As the landscape of other services alters, there is also a need for close liaison between teams who may have joint care of women and their infants at this time, such as early intervention in psychosis services, home treatment teams and mental health assessment centres. Perinatal mental health services need to make the case for continued involvement, in many circumstances as the lead care coordinating service.

COVID-19

The COVID-19 pandemic has increased the demand for mental health care, and the perinatal period is a time of particular vulnerability (Papworth et al. Reference Papworth, Harris, Durcan, Wilton and Sinclair2021). Women have been isolated from the family and social supports usually expected during pregnancy and early parenting. Infants have had less opportunity to engage with extended family and peers. Maternity and mental health care have been altered, with reduced face to face contact and almost complete cessation of group interventions.

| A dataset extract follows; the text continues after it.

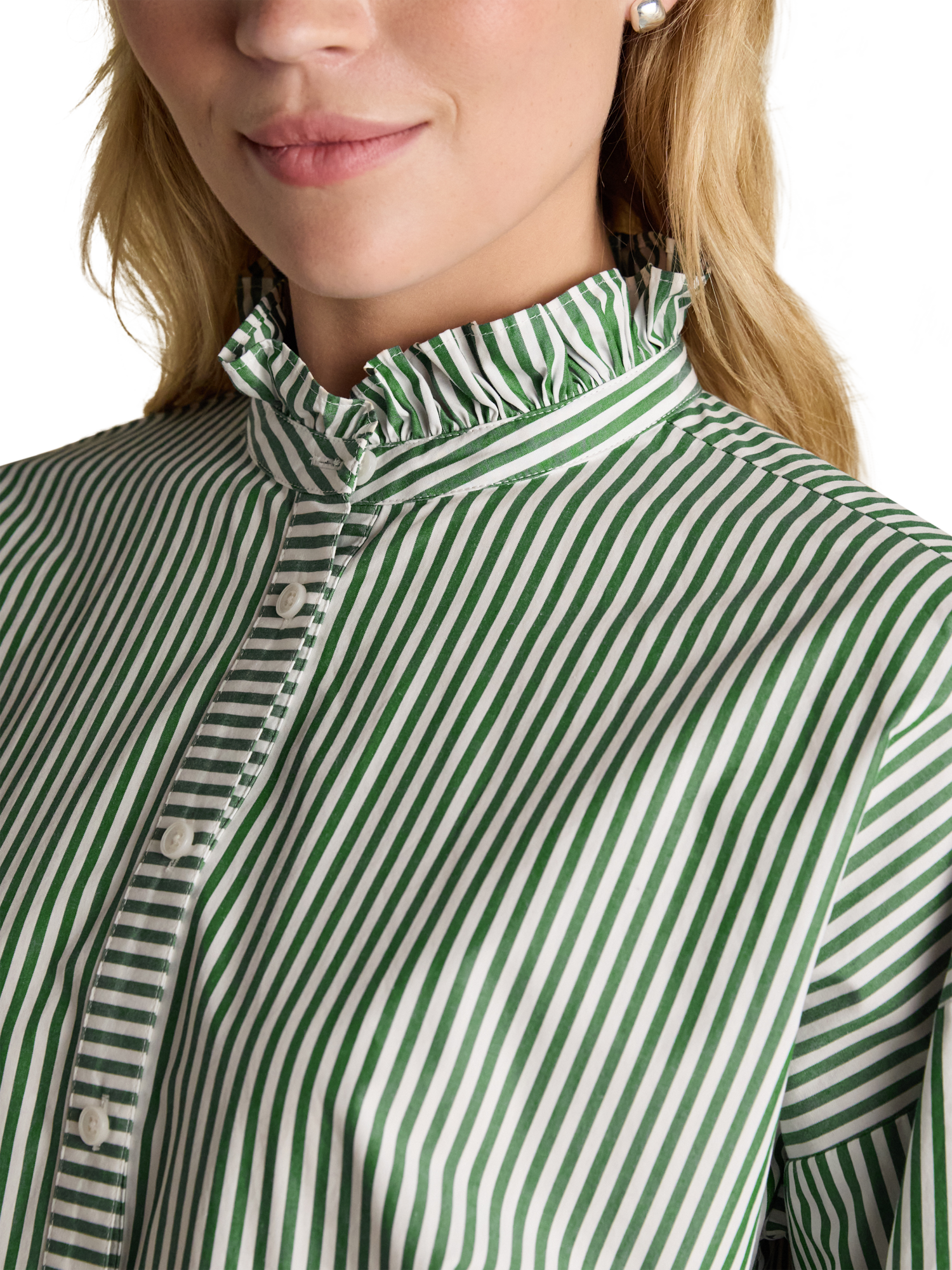 Product image 4 of 6, which shows Joules Stripe Frill Neck Shirt, Green, 10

Paradoxically, the increased use of telemedicine has improved access for some women and families but comes at a price of restricting ability to make comprehensive assessments of women at high risk or in vulnerable social circumstances. Guidance is available to help services recognise and overcome these limitations in clinical encounters (TEC Scotland 2020). As we come out of the acute phase of the pandemic, we need to not only hold on to the changes in ways of working that have benefitted our patients but also recognise that demand, and the pattern of that demand may remain altered from what we had encountered before. Services should be responsive to change, but must prioritise clinical need rather than, from an often very vulnerable position, patients are forced to adapt to our unchallenged models of care.

Conflicts of interest

Authors have no conflicts of interest to disclose.

Ethical standards

The authors assert that all procedures contributing to this work comply with the ethical standards of the relevant national and institutional committee on human experimentation with the Helsinki Declaration of 1975, as revised in 2008.

Financial support

This research received no specific grant from any funding agency, commercial or not-for-profit sectors.